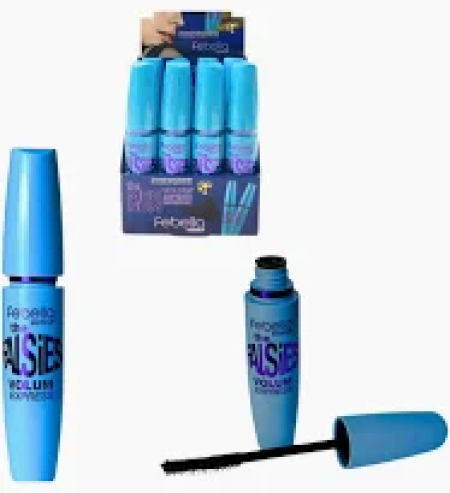 Máscara Cílios Falsies Febella| Unidade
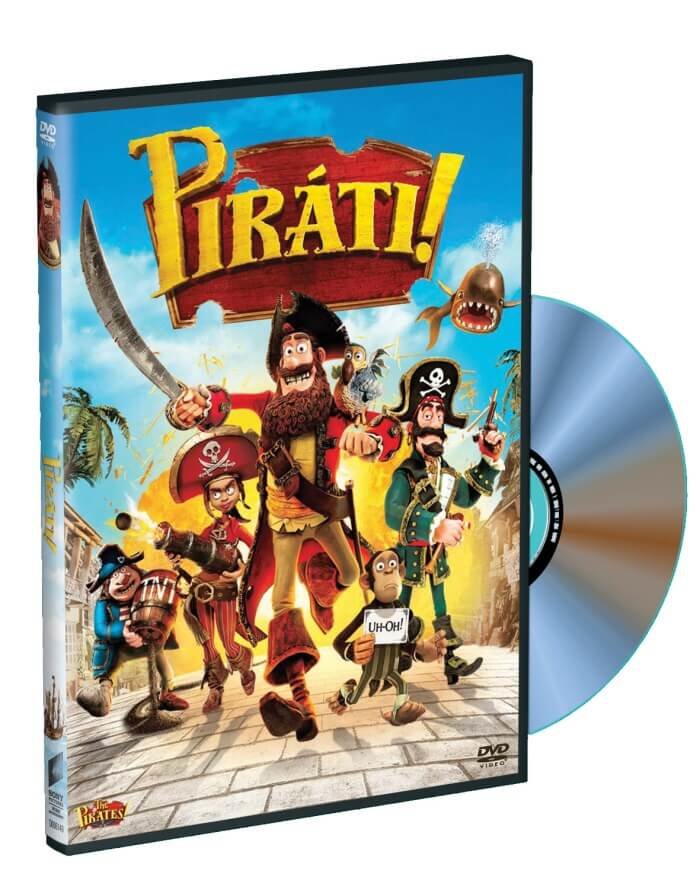 Piráti (DVD)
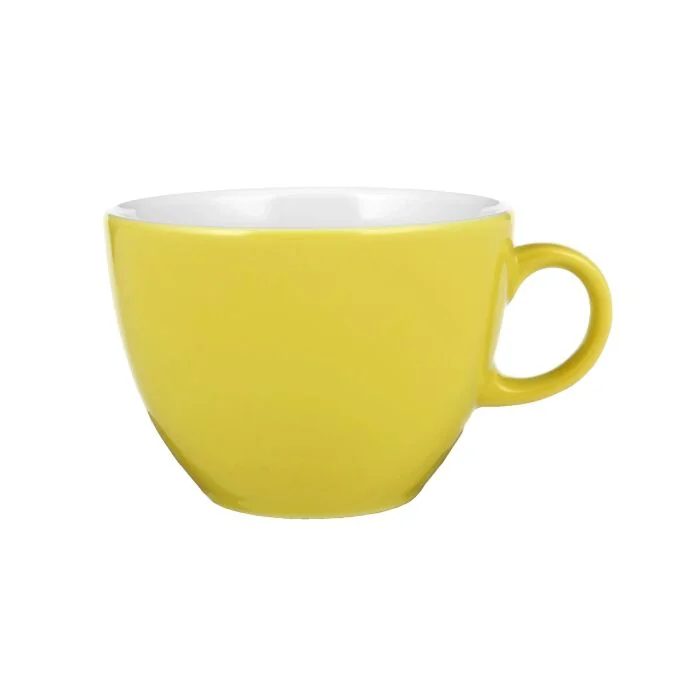 Seltmann Weiden VIP Cappuccinoobertasse 1131, 0,23 l, gelb
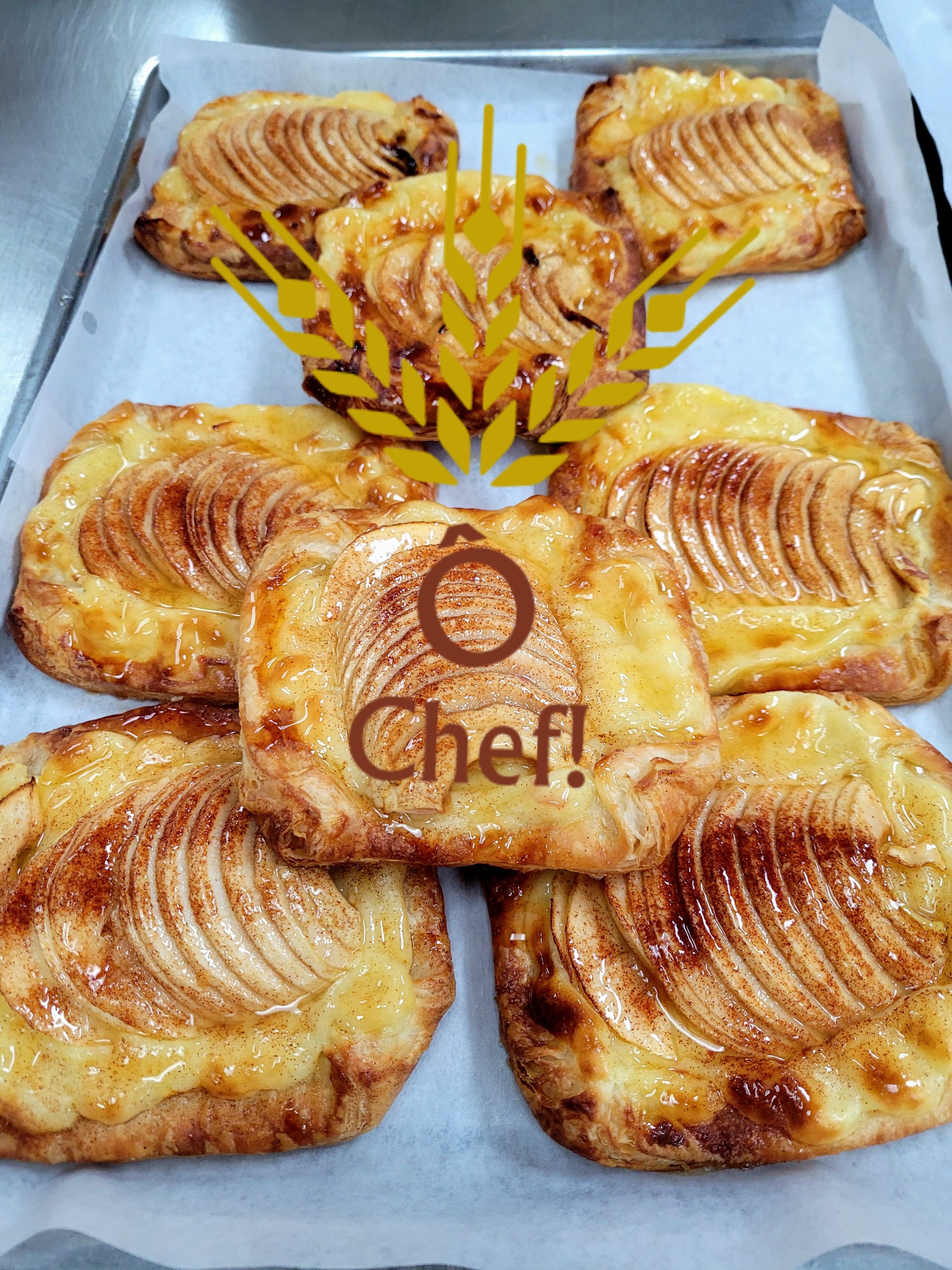 Chausson aux Pommes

- WORK ITEM -
An exact copy of the material is required, minus the pictures.

- TASK SOLUTION -
 Máscara Cílios Falsies Febella| Unidade
 Piráti (DVD)
 Seltmann Weiden VIP Cappuccinoobertasse 1131, 0,23 l, gelb
 Chausson aux Pommes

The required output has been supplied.